2008-06-24 12:20:18 | か行
 蒸し暑い日々が続く。こんな日は映画でも見て帰るかと、帰宅途中で海浜幕張へと立ち寄り、久しぶりに映画を見てきた

 『奇跡のシンフォニー』である。

 あらすじは、次の通り。

 主人公は少年エヴァン(フレディ・ハイモア)。孤児院で暮らす孤児である。そんな彼が、会ったことも見たこともない、それどころか生きてるのか死んでいるのかすらわからない父(ジョナサン・リス=マイヤーズ)と母(ケリー・ラッセル)を見つけるため、施設を抜け出す。父と母から授かった音楽の才能を、唯一の手掛かりとして。

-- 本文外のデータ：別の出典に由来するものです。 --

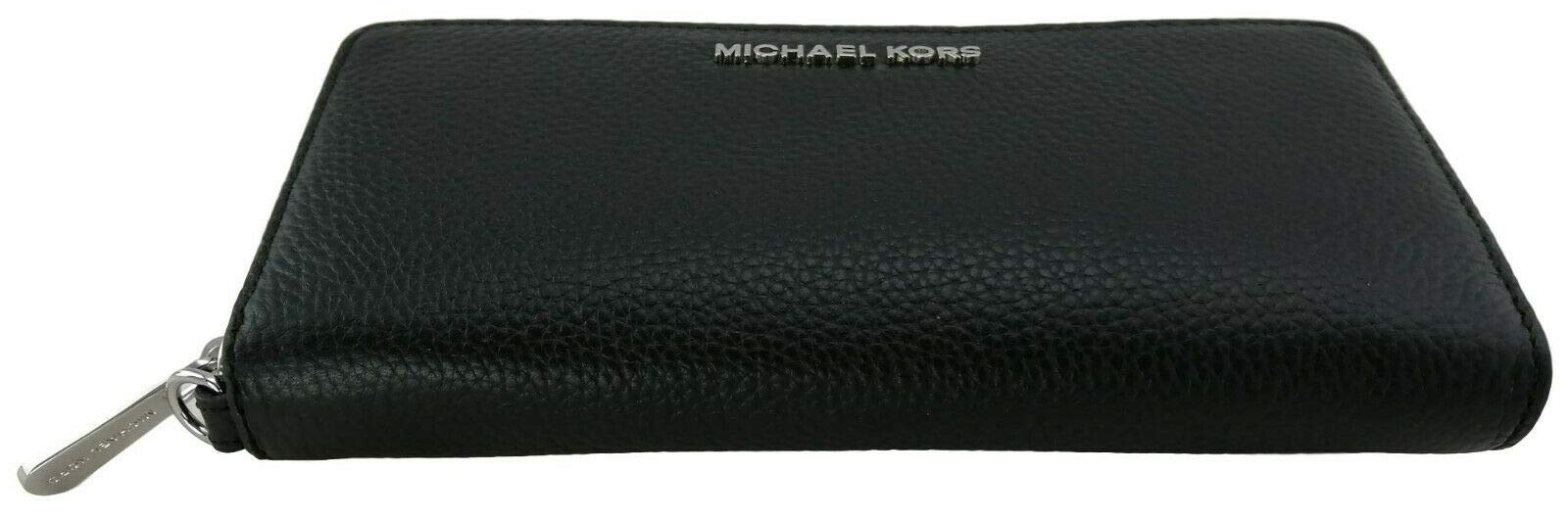 Michael Kors Jet Set Travel Continental Zip Around Leather Wallet Wristlet (Black with Silver Hardware)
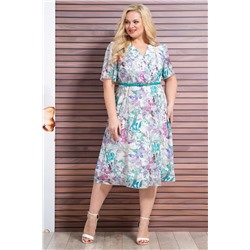 Alani Collection 1926 сиреневые+бирюзовые_цветы, Платье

 音楽を手がかりに父と母を探すというストーリーが、とても面白いと思った。

 ただ、場面展開が飛び飛びで、丁寧さに欠けているような印象も何度か受けている。まず、少年が孤児院を抜け出す場面では、父母を見つけに抜け出したのはわかったが、脱走の直接的なきっかけは何だったのか。ジュリアード音楽院での場面で、そもそもジュリアード音楽院にはどのようにして入学できたのか。ライラ(少年の母)が息子を探しに出かける場面では、死の縁に立たされていた父親はどうなってしまったのであろうか。などなどの疑問に対する解答の見つからないまま、ストーリーが展開、所々で唐突感を感じてしまった。

 『奇跡のシンフォニー』というタイトルの示す通り、主人公たち家族の再会は、いくつもの奇跡の上で実現する。この点については、偶然の一致としては出来過ぎではないかと思わせる場面もあり、人によってはリアリティに欠けると感じる人もいるであろう。
 それでも、私としては、こうした奇跡によって家族が再会に向かって少しずつ近づいていく展開が小気味良く、むしろ、この作品の難点を十分補い、全体として良い作品にしているように思われた。 

 また、冒頭の小麦畑の場面から、ラストのオーケストラの場面まで、「音」の嵐に圧倒された。ここでいう「音」というのは、単に音楽だけを意味しているわけではない。さらさらと吹く風の音や、キーンという氷の音、都会の自動車の音、バスケットボールをドリブルする音、こうした音の全てがこの作品のバックミュージックである。

 こうした音は、聞いていて不快感を全く感じるものではなく、むしろ、音の使い方が巧みで、各場面をうまく味付けするのに役立っている。これほど音を意識した映画も珍しいのではないだろうか。けっこう新鮮だった。
 
 音楽をテーマとした映画としては、私の中では『陽の当たる教室』が今のところベストであったが、この映画を見て再検討を試みなければなるまいと思っている。